インターネット広告が「あなた向け」になるワケ ~気になる個人情報との関係~
なぜか私にぴったりの広告が出るんだけど…
インターネットを見ていると、「あれ?さっき調べたものと似たような広告が出てるな」とか、「前に買おうか迷った商品の広告が、しつこく出てくるな」と感じた経験はありませんか? まるで、あなたの興味や考えがインターネットに筒抜けになっているようで、少し気味が悪い、あるいは不安に感じられる方もいらっしゃるかもしれません。
なぜ、インターネットの広告は、私たち一人ひとりに合わせて表示されるのでしょうか? そして、私たちの情報はどのように使われているのでしょうか?
インターネット広告と「デジタルタトゥー」の関係
以前の記事で、インターネットの「足跡」、つまり私たちがネット上で残してきた情報(デジタルタトゥーとも呼ばれます)についてお話ししました。ウェブサイトを見た履歴や、検索した言葉、SNSでの投稿などが、知らず知らずのうちにデータとして残っていく可能性があるというお話でした。
実は、インターネット広告の多くは、この「デジタルタトゥー」と深く関係しています。私たちがインターネット上でどのような行動をとったか、どのようなことに興味があるかを分析し、それに基づいて広告を表示する仕組みが広く使われているのです。これを一般的に「ターゲティング広告」と呼びます。
なぜ「あなた向け」の広告が表示されるの?
ターゲティング広告の仕組みは、簡単に言うと、あなたの「興味」や「関心」に合わせて、広告を選んで表示するというものです。
例えば、あなたがインターネットで旅行先の情報を調べたり、旅行用品をよく見ているとします。すると、インターネットの世界では「この人は旅行に興味があるようだ」ということがデータとして蓄積されていきます。そのデータをもとに、旅行会社やホテル、旅行用品店の広告があなたに向けて表示されやすくなるのです。
これは、まるであなたがお気に入りのお店に行くと、「いつも〇〇を買ってくださるので、新しく入ったこの商品はいかがですか?」と店員さんが勧めてくれるようなものです。

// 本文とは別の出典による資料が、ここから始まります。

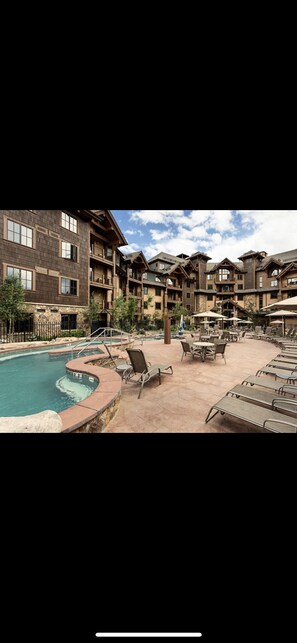 Guests can enjoy a relaxing pool area with lounge chairs and umbrellas.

ただし、インターネットの世界では、もっと多くの場所でのあなたの行動が、瞬時に、自動的に分析されて使われるという点が異なります。
具体的に、以下のような情報が広告のために利用されることがあります。
- ウェブサイトの閲覧履歴: どんなサイトをよく見ているか。
- 検索履歴: どんな言葉を検索窓に入力したか。
- ネットショッピングの履歴: どんな商品を見たか、買ったか。
- 位置情報: どんな場所にいることが多いか、どんなお店の近くにいるか(スマートフォンの設定による)。
- SNSでの「いいね!」やフォロー: どんな投稿やアカウントに興味があるか。
これらの情報が組み合わされることで、「〇〇に住んでいて、△△に興味がある、くらいの年齢の人が好きそうな広告」といった形で、よりあなたに「ぴったり」と思われる広告が表示されるのです。
「あなた向け広告」のメリットとデメリット
メリット
- 関心のある情報が得やすい: 全く興味のない広告ばかりが表示されるよりは、自分にとって役立つかもしれない、新しい商品やサービスの情報を効率的に得られることがあります。
デメリット
- プライバシーの懸念: 自分のインターネット上での行動が細かく分析され、利用されていることに抵抗を感じる方もいらっしゃるでしょう。

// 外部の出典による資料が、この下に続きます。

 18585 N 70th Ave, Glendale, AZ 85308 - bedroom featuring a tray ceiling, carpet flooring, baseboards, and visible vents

- 情報が偏る可能性: 自分の関心に沿った情報ばかりが表示されることで、それ以外の情報に触れる機会が減ることも考えられます。
不安を和らげるための対策
「自分の情報が広告に使われるのは少し不安だ…」と感じた方も、ご安心ください。全く情報を利用されないようにするのは難しいですが、ある程度の対策をとり、利用され方を自分で管理することは可能です。
1. インターネット広告の設定を見直す
多くのインターネット広告を表示している会社(例えばGoogleやSNSなど)は、あなたがどんな広告を見たいか、あるいは見たくないか、といった設定を変更できる機能を提供しています。

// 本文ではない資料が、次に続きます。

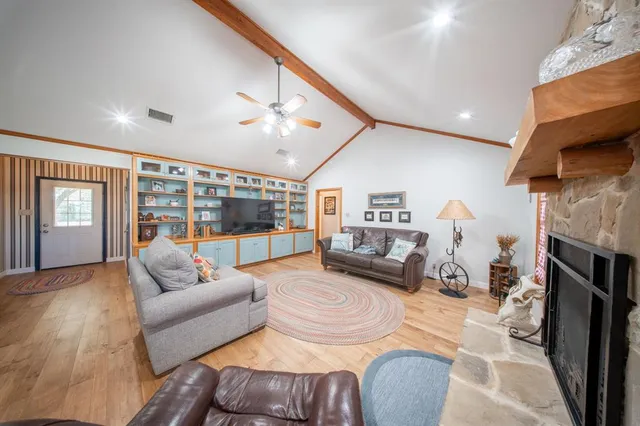 a bedroom with furniture and a large window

- Googleの場合: 「Googleアカウント」の設定の中に「広告設定」という項目があります。ここで、Googleが表示するあなた向けの広告に使われる情報のカテゴリ(例えば「スポーツ」「旅行」など)を確認したり、あなた向けの広告(パーソナライズ広告)をオフにしたりすることができます。
- SNSの場合: 各SNS(Facebook、Twitterなど)の設定の中に、「広告」や「プライバシー」といった項目があります。ここで、どんな情報が広告に使われているかを確認したり、広告の表示設定を変更したりできます。
これらの設定画面は、少し分かりにくい場所にあることもありますが、「〇〇(サービス名) 広告設定」といった言葉でインターネット検索してみると、設定方法を解説したページが見つかることが多いです。
2. ウェブサイトを閲覧した履歴(Cookie)について知る
多くのウェブサイトは「Cookie(クッキー)」という小さな情報をお使いのパソコンやスマートフォンに一時的に保存します。このCookieが、あなたがどのサイトを見たか、どんな商品を買い物カゴに入れたか、といった情報を記憶し、その後の広告表示などに使われることがあります。
ブラウザ(インターネットを見るためのソフト)の設定で、Cookieの受け入れを制限したり、閉じるときに削除したりすることができます。ただし、Cookieを完全に拒否すると、一部のウェブサイトが正しく表示されなくなったり、ログイン状態が保てなくなったりすることがありますのでご注意ください。まずは、「設定」などから「プライバシー」や「閲覧履歴」といった項目を見て、どんな設定があるか確認してみるのが良いでしょう。
3. プライバシーポリシーを確認する
利用しているウェブサイトやサービスの「プライバシーポリシー」(または個人情報保護方針)には、あなたの情報がどのように収集され、利用されるかが書かれています。専門的な言葉が多いかもしれませんが、情報がどのように扱われているかを知る手がかりになります。
まとめ:知って、選んで、安心を
インターネット広告が「あなた向け」になるのは、あなたのインターネット上での行動や興味に関する情報が利用されているからです。これは、便利な面がある一方で、プライバシーについて考えさせられる機会でもあります。
大切なのは、必要以上に恐れることではなく、どのような情報がどのように使われているのかを知り、自分でコントロールできる部分があることを理解することです。今回ご紹介した広告設定の見直しや、Cookieについての知識を持つことで、インターネットをより安心して利用するための一歩を踏み出すことができます。
もし設定方法が分からなくても、無理に進める必要はありません。まずは「こんな仕組みがあるんだな」と知っておくだけでも、インターネットとの付き合い方が少し変わってくるはずです。
この情報が、皆さんのインターネット利用の安心につながれば幸いです。